Friday, August 21, 2009

Part II, Kirt DeMar WOOD Funeral Service 1987

1-as a boy. 2-as a sailor. 3-Dee and Camilla 1946. 4- school teacher 1952. 5- school teacher 1979.

Life Sketch: given by Henry L. Isaksen. [1918-2001]

I don’t really remember when I met Kirt the first time, we called him Dee in those days. I believe when he and Camilla were married in June of 1946 I was a struggling graduate student at Stanford University, we couldn’t come to the wedding. We moved here in 1948 and then my friendship with Dee began. As you heard, he was born in Hurricane, Utah. His father passed away when he was only eight years of age, and his mother moved with the family to Salt Lake City, where they lived in the McKay Ward just south of Liberty Park. He went to Hawthorn Elementary School and South Junior High and then South High School and then to the University of Utah. He met Camilla in a history class at South High School. The class turned out to be too large for the room and the students were asked to form another class. And when Camilla, who. . . on whom he had his eye, got up and left he also got up and left, although he wanted to stay with the teacher, Mr. Humphrey, and take his history class. So he started sacrificing for her right from the beginning. (Congregation Laugh)

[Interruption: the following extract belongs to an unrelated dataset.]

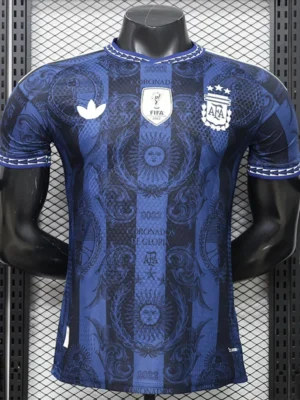Argentina 2026/27 Black Blue Training Shirt Player Version - Front View | KFCOOL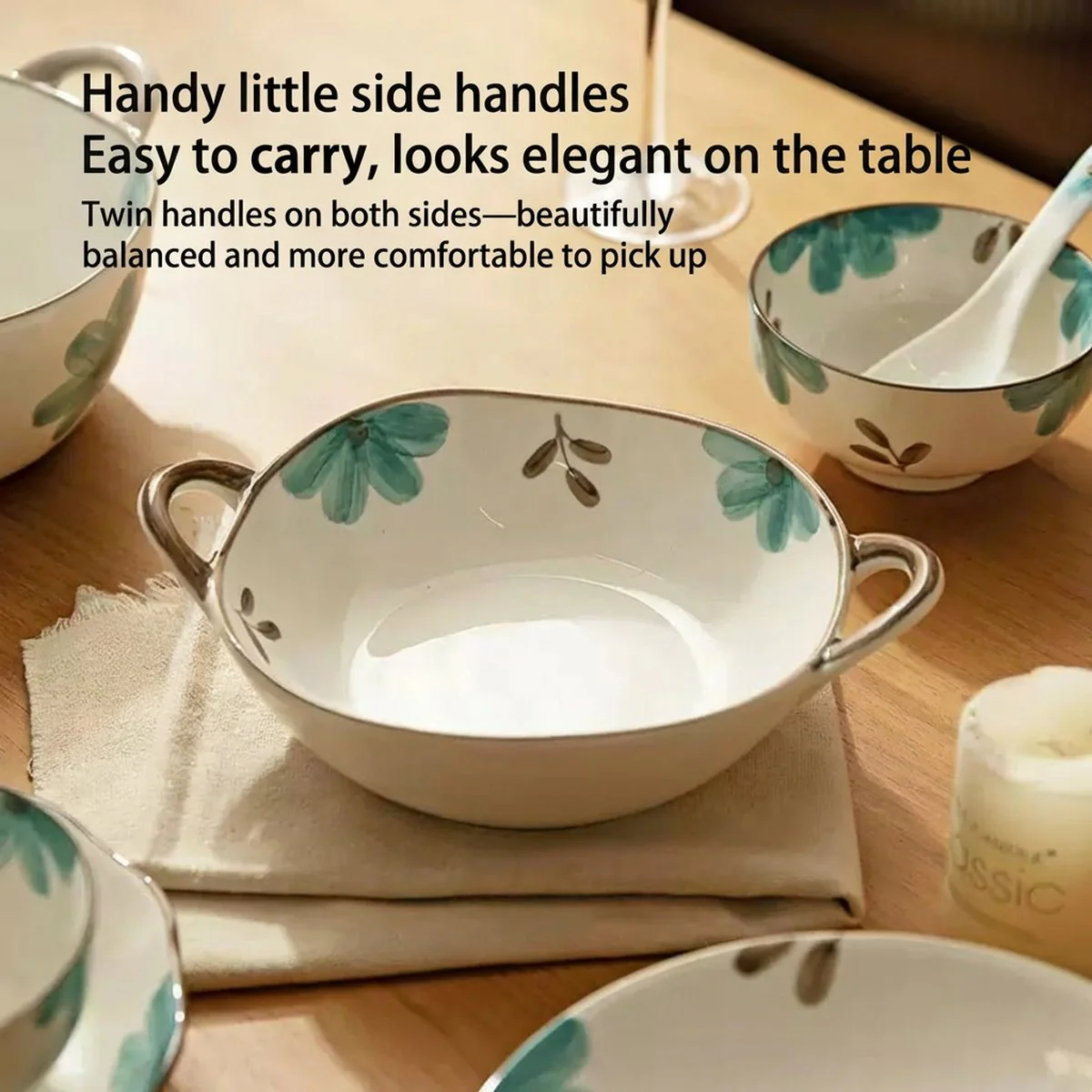 Modern SweetHome "Qingyuan" 8-Inch Lotus Leaf Ceramic Plate – Microwave, Oven & Dishwasher Safe - Image 3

His original goal was to be a printer. And he worked at a print shop during high school, and I believe earned his own way pretty well, didn’t he? On the first Christmas, after he met Camilla in that history class, he printed up a lot of stationary for her. And being as wise as he was, he also printed up some stationary for mom and dad, and for sister Leona, and for sister Myrle, and for sister Amy and her husband. And we all had stationary for Christmas that year. But he didn’t deliver it in person, he just came and put it on the door step and rang the bell and ran. He was very shy. I recall that he also printed birth announcements for us when our first son, Hank, was born. Even though we hadn’t met him yet, and it was a very clever announcement.

After high school he enlisted in the navy. WWII was in full force and he spent time in Farragut, Idaho and in Seattle, Washington and he trained as a hospital corpsmen. He was sent to San Diego and went through marine training there, and was assigned to the fleet marine core. He was in the south seas during the war, assigned to an LST boat, which landed marines in the Philippine Islands. He was in the battle of Layte Gulf, and during that battle he sustained some shrapnel wounds in his thigh and in his back when their ship was strafed by the Japanese. He survived that, of course, and came home with a purple heart. One of the interesting things that happened while he was out on that boat, was that when they crossed the equator they held a court of King Neptune on the boat, and he was accused of holding church in the sick bay. Now I think he was guilty. I suspect that he held a lot of church services where ever he could. [Kirt sign up as a sailor in the Navy, he was briefly transferred to the Marines then when given the choice returned to the Navy.]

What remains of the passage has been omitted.